Quote the entries below from the line with "New Orleans Patch- Travel" through the line with "British policeman rigged 3D Модель", both ends included, and only those lines.

Data section ▸
+++++
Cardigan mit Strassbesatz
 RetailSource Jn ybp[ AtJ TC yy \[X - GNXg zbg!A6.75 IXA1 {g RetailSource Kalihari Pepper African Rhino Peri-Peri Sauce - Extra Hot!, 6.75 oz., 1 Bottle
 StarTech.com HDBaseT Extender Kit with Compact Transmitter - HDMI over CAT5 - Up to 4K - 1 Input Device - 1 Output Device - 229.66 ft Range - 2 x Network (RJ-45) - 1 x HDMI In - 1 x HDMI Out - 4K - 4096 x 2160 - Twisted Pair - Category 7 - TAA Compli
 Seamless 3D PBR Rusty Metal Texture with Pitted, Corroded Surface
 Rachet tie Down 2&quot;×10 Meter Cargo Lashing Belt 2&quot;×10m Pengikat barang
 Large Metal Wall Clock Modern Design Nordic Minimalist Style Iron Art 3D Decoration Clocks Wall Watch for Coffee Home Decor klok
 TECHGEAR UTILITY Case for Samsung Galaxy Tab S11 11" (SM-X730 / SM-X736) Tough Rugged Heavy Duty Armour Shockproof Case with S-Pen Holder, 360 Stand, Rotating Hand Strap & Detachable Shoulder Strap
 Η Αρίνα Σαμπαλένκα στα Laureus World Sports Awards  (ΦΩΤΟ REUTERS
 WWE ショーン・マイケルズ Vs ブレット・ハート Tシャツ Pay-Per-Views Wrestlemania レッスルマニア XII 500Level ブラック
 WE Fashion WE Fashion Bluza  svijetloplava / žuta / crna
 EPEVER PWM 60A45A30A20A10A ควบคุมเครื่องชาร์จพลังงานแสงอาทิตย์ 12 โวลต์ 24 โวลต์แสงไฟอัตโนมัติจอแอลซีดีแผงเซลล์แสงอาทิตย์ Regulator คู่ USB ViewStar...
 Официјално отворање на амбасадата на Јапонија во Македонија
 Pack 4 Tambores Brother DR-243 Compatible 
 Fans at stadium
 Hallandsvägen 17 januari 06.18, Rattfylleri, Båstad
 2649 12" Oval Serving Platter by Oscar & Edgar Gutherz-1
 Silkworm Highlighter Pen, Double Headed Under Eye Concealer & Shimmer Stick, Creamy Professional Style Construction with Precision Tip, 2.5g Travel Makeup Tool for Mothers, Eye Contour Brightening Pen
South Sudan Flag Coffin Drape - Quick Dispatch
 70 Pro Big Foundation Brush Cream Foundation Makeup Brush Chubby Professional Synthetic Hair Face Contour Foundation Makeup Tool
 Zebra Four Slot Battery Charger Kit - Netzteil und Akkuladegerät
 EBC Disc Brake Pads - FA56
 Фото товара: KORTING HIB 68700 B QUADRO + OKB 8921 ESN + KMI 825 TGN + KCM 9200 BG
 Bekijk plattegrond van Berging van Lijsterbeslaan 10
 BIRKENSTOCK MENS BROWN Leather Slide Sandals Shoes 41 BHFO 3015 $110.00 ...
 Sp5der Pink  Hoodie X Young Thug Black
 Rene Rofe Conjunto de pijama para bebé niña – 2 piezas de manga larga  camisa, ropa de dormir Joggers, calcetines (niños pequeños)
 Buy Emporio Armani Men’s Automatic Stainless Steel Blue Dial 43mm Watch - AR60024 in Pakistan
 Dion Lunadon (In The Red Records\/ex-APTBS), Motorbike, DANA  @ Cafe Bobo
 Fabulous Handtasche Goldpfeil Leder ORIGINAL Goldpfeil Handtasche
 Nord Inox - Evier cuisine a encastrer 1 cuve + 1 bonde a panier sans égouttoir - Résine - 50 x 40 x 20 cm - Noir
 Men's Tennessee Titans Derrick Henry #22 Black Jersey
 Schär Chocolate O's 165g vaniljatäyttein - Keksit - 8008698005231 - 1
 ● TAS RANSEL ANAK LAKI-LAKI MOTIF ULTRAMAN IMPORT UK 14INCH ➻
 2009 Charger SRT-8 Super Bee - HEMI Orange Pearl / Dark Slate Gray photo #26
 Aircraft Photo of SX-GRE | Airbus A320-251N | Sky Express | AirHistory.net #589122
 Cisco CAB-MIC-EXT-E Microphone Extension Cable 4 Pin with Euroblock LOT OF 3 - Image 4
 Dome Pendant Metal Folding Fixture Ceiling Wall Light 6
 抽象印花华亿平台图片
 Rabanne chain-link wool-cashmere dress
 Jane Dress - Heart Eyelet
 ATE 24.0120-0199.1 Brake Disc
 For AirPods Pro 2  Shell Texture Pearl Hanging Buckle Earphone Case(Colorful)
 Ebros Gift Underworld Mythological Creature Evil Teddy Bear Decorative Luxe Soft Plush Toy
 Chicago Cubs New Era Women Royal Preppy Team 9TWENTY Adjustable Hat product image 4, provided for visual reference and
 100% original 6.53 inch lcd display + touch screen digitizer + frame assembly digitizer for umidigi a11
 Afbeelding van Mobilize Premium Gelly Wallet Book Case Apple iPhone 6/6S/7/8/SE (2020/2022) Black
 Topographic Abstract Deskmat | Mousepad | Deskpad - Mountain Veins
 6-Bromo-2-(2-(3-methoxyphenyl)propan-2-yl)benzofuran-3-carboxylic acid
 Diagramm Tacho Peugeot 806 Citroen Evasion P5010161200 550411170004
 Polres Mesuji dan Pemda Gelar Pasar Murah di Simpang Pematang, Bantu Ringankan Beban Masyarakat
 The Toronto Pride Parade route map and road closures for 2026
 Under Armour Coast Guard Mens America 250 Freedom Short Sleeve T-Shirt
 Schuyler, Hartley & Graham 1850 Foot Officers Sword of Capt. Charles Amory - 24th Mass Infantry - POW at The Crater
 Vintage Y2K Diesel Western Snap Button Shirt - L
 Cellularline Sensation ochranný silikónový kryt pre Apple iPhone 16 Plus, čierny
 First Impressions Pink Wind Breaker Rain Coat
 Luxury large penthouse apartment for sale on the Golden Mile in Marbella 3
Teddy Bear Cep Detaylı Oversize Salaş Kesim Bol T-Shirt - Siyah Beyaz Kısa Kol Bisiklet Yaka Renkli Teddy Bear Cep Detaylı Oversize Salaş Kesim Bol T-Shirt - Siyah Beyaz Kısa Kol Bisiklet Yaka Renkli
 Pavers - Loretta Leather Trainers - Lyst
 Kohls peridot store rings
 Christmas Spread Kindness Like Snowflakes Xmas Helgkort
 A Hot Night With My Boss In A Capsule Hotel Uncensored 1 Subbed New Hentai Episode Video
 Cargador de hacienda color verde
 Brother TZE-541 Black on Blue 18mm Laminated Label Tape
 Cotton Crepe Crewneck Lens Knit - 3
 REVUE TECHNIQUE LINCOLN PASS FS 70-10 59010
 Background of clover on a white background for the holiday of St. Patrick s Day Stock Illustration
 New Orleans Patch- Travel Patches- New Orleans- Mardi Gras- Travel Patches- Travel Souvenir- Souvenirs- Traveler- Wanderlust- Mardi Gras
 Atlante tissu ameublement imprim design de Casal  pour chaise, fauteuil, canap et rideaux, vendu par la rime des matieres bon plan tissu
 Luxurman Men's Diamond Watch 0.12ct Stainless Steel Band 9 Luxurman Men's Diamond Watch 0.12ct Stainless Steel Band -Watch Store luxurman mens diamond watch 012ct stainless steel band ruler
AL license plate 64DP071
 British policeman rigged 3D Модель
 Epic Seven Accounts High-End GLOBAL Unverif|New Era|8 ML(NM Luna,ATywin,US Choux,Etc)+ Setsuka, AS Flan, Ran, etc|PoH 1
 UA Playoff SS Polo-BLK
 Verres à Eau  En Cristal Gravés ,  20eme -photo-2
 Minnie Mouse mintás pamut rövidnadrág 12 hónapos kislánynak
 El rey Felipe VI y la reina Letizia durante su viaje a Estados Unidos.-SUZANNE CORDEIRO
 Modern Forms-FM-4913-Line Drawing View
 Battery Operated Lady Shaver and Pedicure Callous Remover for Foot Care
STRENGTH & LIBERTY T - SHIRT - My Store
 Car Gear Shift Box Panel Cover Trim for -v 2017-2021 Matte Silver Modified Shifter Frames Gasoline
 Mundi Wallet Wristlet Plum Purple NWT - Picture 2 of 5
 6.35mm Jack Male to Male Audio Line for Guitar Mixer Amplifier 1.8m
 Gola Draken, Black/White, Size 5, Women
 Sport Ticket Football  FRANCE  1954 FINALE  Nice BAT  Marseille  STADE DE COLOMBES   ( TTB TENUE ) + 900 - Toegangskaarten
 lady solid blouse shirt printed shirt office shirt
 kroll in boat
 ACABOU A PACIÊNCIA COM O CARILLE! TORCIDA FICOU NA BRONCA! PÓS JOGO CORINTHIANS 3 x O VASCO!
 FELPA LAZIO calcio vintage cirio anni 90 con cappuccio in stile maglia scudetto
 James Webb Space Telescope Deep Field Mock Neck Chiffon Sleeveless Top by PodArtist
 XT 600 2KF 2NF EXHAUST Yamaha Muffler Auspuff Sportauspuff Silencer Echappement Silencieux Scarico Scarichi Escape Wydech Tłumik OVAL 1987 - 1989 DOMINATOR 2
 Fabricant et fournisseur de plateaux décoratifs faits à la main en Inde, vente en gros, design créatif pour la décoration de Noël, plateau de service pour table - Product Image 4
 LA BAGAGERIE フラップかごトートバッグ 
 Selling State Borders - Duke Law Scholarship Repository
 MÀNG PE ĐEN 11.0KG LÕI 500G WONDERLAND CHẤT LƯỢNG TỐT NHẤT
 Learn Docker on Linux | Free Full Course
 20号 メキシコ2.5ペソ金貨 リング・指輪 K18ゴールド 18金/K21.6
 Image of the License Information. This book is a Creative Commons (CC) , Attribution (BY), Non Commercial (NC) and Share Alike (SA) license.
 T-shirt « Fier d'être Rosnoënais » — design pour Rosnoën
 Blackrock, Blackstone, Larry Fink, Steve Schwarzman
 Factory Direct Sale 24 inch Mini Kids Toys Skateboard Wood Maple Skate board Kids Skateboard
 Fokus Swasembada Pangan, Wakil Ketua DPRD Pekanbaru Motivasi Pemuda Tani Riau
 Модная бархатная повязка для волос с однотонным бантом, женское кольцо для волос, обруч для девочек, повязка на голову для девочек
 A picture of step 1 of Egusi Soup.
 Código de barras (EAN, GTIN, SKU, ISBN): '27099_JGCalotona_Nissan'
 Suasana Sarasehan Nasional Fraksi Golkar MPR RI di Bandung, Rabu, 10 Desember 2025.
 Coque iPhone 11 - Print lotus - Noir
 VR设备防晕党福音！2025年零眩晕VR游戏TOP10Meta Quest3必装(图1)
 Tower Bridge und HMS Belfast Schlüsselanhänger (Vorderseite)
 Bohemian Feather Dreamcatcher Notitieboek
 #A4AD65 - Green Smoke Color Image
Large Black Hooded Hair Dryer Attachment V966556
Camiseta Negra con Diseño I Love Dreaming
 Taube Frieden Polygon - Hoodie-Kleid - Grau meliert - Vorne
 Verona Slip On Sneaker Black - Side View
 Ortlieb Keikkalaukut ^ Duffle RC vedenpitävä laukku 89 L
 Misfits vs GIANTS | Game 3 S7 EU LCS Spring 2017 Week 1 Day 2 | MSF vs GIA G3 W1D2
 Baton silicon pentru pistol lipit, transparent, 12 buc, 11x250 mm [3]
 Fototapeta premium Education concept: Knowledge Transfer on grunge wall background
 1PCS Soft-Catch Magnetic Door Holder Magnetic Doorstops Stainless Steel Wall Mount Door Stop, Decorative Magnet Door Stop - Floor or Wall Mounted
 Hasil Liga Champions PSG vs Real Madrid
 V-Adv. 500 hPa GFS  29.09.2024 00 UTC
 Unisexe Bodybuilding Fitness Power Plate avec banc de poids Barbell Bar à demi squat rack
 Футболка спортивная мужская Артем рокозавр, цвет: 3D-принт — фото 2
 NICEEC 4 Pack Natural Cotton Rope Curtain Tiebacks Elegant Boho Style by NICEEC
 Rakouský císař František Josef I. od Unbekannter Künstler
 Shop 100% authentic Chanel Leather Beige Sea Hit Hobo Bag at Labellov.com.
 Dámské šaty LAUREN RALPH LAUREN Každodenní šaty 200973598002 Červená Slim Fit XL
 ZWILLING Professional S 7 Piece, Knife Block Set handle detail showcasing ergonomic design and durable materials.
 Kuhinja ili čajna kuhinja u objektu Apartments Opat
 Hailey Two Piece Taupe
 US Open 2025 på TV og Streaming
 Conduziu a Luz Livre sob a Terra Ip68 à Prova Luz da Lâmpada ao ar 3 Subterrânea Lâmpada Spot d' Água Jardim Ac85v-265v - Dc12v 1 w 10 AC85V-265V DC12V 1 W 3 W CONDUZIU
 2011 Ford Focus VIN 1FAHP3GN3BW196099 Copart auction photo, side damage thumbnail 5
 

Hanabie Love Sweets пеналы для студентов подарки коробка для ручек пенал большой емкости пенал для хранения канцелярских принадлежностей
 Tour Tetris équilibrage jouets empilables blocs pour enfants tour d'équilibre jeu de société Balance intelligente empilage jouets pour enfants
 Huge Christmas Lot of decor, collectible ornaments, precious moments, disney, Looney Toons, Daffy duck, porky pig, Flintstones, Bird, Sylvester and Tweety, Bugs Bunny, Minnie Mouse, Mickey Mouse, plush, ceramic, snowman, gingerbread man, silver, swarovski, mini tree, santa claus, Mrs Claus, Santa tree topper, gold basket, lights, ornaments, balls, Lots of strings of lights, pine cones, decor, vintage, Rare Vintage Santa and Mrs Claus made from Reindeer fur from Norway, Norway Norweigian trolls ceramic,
+++++
Solution for this task ▸
 New Orleans Patch- Travel Patches- New Orleans- Mardi Gras- Travel Patches- Travel Souvenir- Souvenirs- Traveler- Wanderlust- Mardi Gras
 Atlante tissu ameublement imprim design de Casal  pour chaise, fauteuil, canap et rideaux, vendu par la rime des matieres bon plan tissu
 Luxurman Men's Diamond Watch 0.12ct Stainless Steel Band 9 Luxurman Men's Diamond Watch 0.12ct Stainless Steel Band -Watch Store luxurman mens diamond watch 012ct stainless steel band ruler
AL license plate 64DP071
 British policeman rigged 3D Модель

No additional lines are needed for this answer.